Spiderpool: How to solve the problem of zombie IP recycling

Spiderpool: How to solve the problem of zombie IP recycling

In the Underlay network, how to recycle zombie IPs? The cloud native network open source project--Spiderpool provides a corresponding solution. Let's take a look.

01Underlay Network Solution

Why do we need an Underlay network solution? In a data center private cloud, there are many application scenarios that require an Underlay network:

  • Low latency and high throughput: In some application scenarios that require low latency and high throughput, the Underlay network solution is usually more advantageous than the Overlay network solution. Since the Underlay network is built on the physical network, it can provide faster and more stable network transmission services.
  • Traditional host applications on the cloud: In data centers, many traditional host applications still use traditional network connection methods, such as service exposure and discovery, multi-subnet connection, etc. In this case, the use of Underlay network solutions can better meet the needs of these applications.
  • Data center network management: Data center managers usually need to implement security control over applications, such as using firewalls, VLAN isolation, etc. In addition, they also need to use traditional network observation methods to implement cluster network monitoring. Using an Underlay network solution can more easily meet these requirements.
  • Independent host network card planning: In some special application scenarios, such as Kubevirt, storage projects, and log projects, independent host network card planning is required to ensure bandwidth isolation of the underlying subnet. Using the Underlay network solution can better support the needs of these applications, thereby improving application performance and reliability.

With the increasing popularity of private cloud in data centers, underlay networks, as an important part of data center network architecture, have been widely used in data center network architecture to provide more efficient network transmission and better network topology management capabilities.

02Zombie IP Problem in Underlay Network

What is a zombie IP? The IP addresses assigned to Pods are recorded in IPAM, but these Pods no longer exist in the Kubernetes cluster. These IPs can be called zombie IPs.

In actual production, it is inevitable that zombie IPs will appear in the cluster, such as:

  • When deleting a Pod in the cluster, the cni delete call fails due to network anomalies or cni binary crashes, resulting in the IP address not being reclaimed by cni.
  • After a node unexpectedly crashes, the Pods in the cluster are permanently in the deleting state, and the IP addresses occupied by the Pods cannot be released.
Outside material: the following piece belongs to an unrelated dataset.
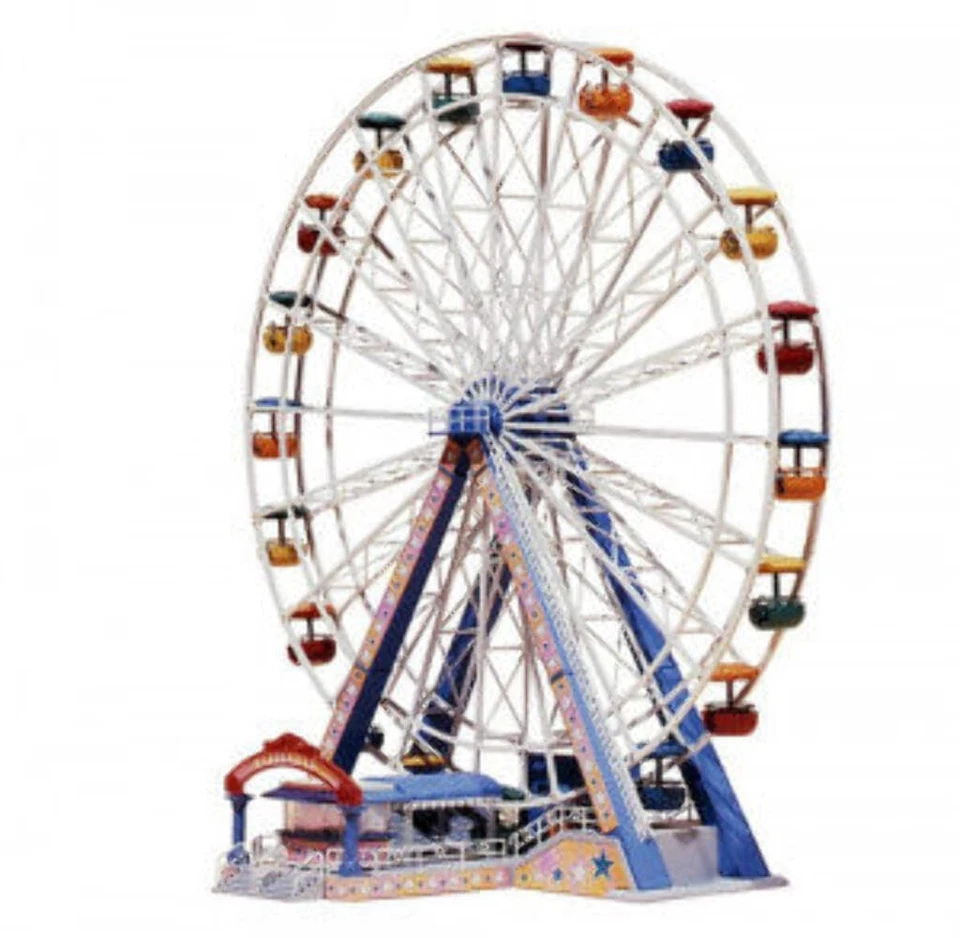 Faller 140312 HO/OO Gauge Ferris Wheel Fairground Kit - Image 1 of 2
In a Kubernetes cluster using an Underlay network, when zombie IPs appear, the following problems may occur:

  • Limited IP resources in the Underlay network: In a large-scale cluster, the number of Pods may be very large. IPAM will allocate a specified Underlay subnet IP to each Pod instance for network communication. If the zombie IP problem occurs, it may lead to a large amount of IP resource waste, or there may be no Underlay IP resources available.
  • Fixed IP requirements lead to new Pod startup failure: If an IP pool with 10 IP addresses is fixed to 10 replicas of an application, if the zombie IP problem mentioned above occurs, the old Pod IP cannot be recycled, and the new Pod will not be able to start due to lack of IP resources and inability to obtain available IP. This will threaten the stability and reliability of the application, and may even cause the entire application to fail to operate normally.

03Solution: Spiderpool

Spiderpool (https://github.com/spidernet-io/spiderpool) is an Underlay network solution for Kubernetes. By providing lightweight meta plug-ins and IPAM plug-ins, Spiderpool flexibly integrates and strengthens the existing CNI projects in the open source community, simplifies the operation and maintenance of IPAM in the Underlay network to the greatest extent, and makes multi-CNI collaboration truly feasible. It supports running in bare metal, virtual machines, public clouds and other environments.
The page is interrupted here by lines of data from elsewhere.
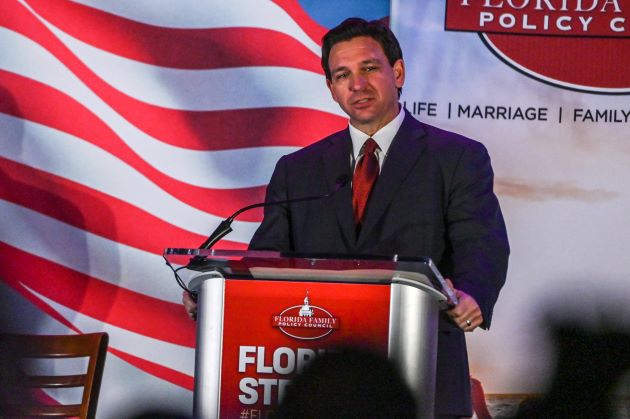 Immigration could be a cornerstone of DeSantis’ campaign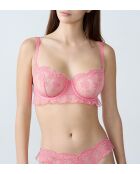 Bügel-BH Nr. 9 Coral poetry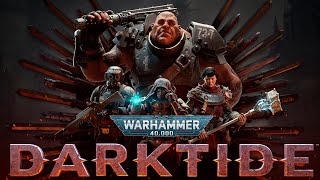 Mortal Kombat Warhammer 40000 Darktide ТРЕЙЛЕР на русском субтитры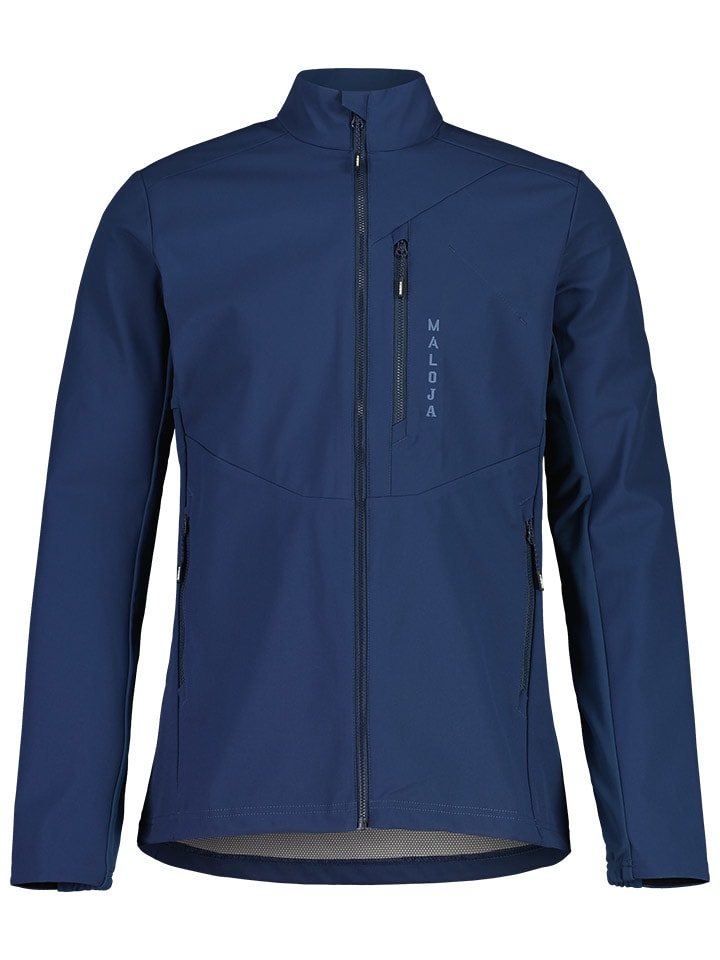 Maloja Softshelljacke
Spiderpool uses the following IP recovery mechanism to solve the problem of faulty IP in the Underlay network:

  • For Pods in the Terminating state, Spiderpool will automatically release their IP addresses after the Pod's spec.terminationGracePeriodSecond. This feature can be controlled by the environment variable SPIDERPOOL_GC_TERMINATING_POD_IP_ENABLED. This capability can be used to resolve failure scenarios where nodes unexpectedly crash.
  • In failure scenarios such as cni delete failure, if a Pod that was once assigned an IP address is destroyed, but the assigned IP address is still recorded in IPAM, a zombie IP phenomenon is formed. Spiderpool will automatically recycle these zombie IP addresses based on periodic and event scanning mechanisms to address this problem.
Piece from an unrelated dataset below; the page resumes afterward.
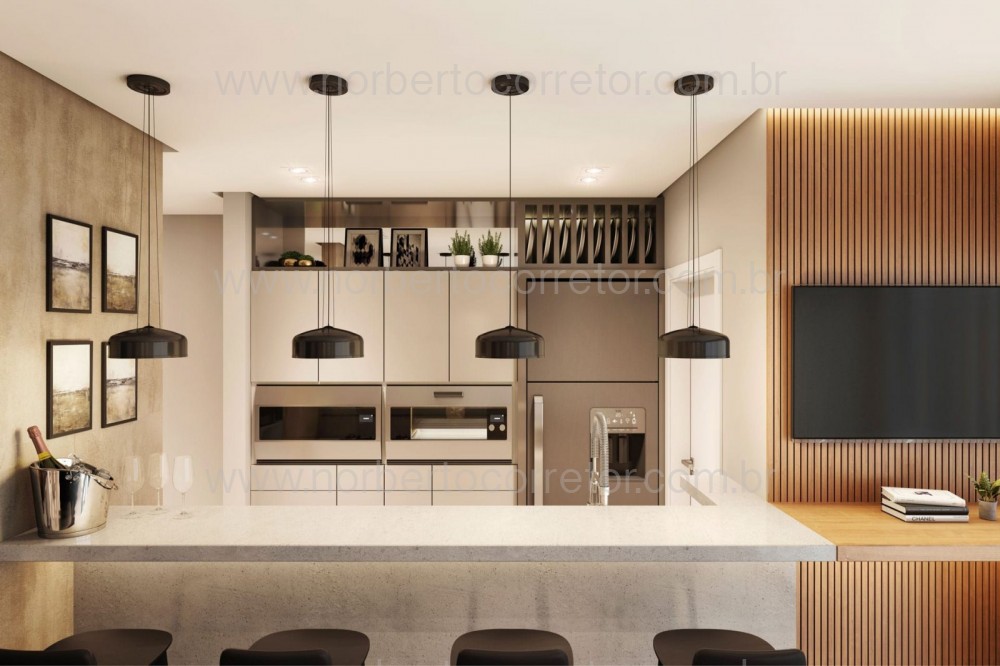 APARTAMENTO 03 SUTES A VENDA EM MEIA PRAIA 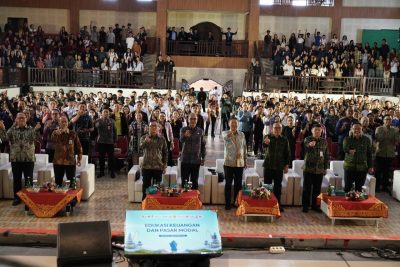 OJK Dorong Mahasiswa Bali Jadi Investor Cerdas Melalui Edukasi Pasar Modal di UNHI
04Equal Proportional IP Allocation Test

IPAM requires the ability to accurately allocate IP addresses, and Spiderpool also has a robust faulty IP recovery capability. The author conducted the following proportional IP allocation test to verify this. This proportional IP allocation test is based on the 0.3.1 version of the CNI Specification, using Macvlan with Spiderpool (version v0.6.0) as the test solution, and selected the open source community's Whereabouts (version v0.6.2) with Macvlan, Kube-ovn (version v1.11.8) Calico-ipam (version v3.26.1) several network solutions for comparison, the test scenario is as follows:

1. Create 1,000 Pods and limit the number of available IPv4/IPv6 addresses to 1,000 each, ensuring that the ratio of available IP addresses to Pods is 1:1.

2. Use the following command to rebuild the 1,000 Pods at once, and record the time taken for all the 1,000 rebuilt Pods to run. Verify that when the IP address is fixed, in the case of concurrently rebuilt Pods involving IP address recovery, preemption, and conflict, each IPAM plug-in can quickly adjust the limited IP address resources to ensure the speed of application recovery.

 ~# kubectl get pod | grep "prefix" | awk '{print $1}' | xargs kubectl delete pod

3. Power off all nodes and then power them on again to simulate fault recovery, and record the time it takes for 1,000 Pods to reach the Running state again.

4. Delete all Deployments and record the time it takes for all Pods to completely disappear.

The test data is as follows:

Spiderpool and Kube-ovn's IPAM allocation principle is that all Pods of the entire cluster node are allocated IPs from the same CIDR, so IP allocation and release need to face fierce competition, and the IP allocation performance challenge will be greater; Whereabouts and Calico's IPAM allocation principle is that each node has a small IP set, so IP allocation competition is relatively small, and IP allocation performance challenges will be small. However, from the experimental data, although Spdierpool's IPAM principle is "disadvantaged", its IP allocation performance is very good.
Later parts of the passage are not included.